(Source records)
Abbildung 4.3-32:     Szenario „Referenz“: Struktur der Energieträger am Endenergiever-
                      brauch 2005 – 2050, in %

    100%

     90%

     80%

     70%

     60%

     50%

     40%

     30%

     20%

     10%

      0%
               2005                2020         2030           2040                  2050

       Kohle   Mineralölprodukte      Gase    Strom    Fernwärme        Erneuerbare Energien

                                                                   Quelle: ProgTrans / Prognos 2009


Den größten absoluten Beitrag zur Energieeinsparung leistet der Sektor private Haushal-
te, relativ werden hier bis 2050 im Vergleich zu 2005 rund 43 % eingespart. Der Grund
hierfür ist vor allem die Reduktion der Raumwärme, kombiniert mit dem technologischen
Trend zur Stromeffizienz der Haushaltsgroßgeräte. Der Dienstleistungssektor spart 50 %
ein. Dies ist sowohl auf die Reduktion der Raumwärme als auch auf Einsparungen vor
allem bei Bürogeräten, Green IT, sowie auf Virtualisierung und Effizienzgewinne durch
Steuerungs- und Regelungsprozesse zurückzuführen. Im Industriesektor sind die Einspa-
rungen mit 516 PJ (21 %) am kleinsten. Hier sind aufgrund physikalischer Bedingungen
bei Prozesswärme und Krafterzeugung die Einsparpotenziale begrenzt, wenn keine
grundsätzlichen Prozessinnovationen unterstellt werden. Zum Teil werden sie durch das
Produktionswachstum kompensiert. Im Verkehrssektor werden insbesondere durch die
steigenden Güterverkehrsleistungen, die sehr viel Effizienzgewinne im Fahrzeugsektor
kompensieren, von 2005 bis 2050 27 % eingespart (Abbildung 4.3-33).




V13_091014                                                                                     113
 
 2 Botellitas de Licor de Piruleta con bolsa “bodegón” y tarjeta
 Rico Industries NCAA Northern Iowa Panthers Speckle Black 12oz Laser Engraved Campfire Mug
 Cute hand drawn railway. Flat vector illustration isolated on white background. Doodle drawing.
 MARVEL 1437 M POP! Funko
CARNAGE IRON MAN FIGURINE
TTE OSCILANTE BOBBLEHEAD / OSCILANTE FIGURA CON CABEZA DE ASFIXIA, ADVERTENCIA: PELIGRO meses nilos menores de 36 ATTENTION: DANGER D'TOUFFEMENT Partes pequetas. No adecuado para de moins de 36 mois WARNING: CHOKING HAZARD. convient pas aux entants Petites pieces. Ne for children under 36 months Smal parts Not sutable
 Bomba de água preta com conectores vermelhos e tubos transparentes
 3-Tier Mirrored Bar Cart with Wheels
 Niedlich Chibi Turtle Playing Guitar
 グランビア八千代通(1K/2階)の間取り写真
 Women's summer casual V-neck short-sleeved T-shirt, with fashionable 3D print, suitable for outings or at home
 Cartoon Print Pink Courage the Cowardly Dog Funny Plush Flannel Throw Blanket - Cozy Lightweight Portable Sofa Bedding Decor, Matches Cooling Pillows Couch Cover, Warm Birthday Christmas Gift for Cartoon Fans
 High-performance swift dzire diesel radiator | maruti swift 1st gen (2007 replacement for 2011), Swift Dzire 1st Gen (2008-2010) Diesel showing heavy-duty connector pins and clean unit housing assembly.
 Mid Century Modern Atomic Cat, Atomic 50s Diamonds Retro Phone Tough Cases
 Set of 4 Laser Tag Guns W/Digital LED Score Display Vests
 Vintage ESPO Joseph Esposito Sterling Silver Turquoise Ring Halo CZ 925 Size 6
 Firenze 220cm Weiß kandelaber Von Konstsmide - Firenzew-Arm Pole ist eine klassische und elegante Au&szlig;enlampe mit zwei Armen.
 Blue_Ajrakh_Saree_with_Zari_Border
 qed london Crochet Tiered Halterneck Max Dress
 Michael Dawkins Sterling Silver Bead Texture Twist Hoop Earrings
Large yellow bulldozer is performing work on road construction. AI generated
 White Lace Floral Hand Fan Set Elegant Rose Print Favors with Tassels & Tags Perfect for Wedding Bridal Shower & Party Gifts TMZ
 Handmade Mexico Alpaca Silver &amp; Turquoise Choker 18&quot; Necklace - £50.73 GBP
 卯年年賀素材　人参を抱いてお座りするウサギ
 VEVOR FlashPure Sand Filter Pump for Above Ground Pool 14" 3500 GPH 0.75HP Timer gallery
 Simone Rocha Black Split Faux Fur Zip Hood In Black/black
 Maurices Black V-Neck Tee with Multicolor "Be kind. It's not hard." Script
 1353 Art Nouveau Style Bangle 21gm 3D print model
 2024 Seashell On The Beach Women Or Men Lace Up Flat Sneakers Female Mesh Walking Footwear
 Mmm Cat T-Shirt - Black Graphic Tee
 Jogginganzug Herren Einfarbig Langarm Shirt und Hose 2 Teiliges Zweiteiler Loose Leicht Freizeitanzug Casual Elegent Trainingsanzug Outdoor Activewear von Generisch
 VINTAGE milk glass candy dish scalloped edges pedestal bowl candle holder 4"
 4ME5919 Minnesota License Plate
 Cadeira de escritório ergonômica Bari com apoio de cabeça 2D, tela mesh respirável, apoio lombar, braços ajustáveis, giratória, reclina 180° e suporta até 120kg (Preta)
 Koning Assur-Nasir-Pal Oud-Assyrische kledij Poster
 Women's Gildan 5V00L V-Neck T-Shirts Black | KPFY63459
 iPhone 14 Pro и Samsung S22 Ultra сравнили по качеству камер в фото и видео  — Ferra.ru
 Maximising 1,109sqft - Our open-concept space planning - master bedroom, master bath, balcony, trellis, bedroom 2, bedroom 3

## Task description:
Among the records above, which lines hold the word "werden"? Copy each one.

## Task result:
te, relativ werden hier bis 2050 im Vergleich zu 2005 rund 43 % eingespart. Der Grund
grundsätzlichen Prozessinnovationen unterstellt werden. Zum Teil werden sie durch das
Produktionswachstum kompensiert. Im Verkehrssektor werden insbesondere durch die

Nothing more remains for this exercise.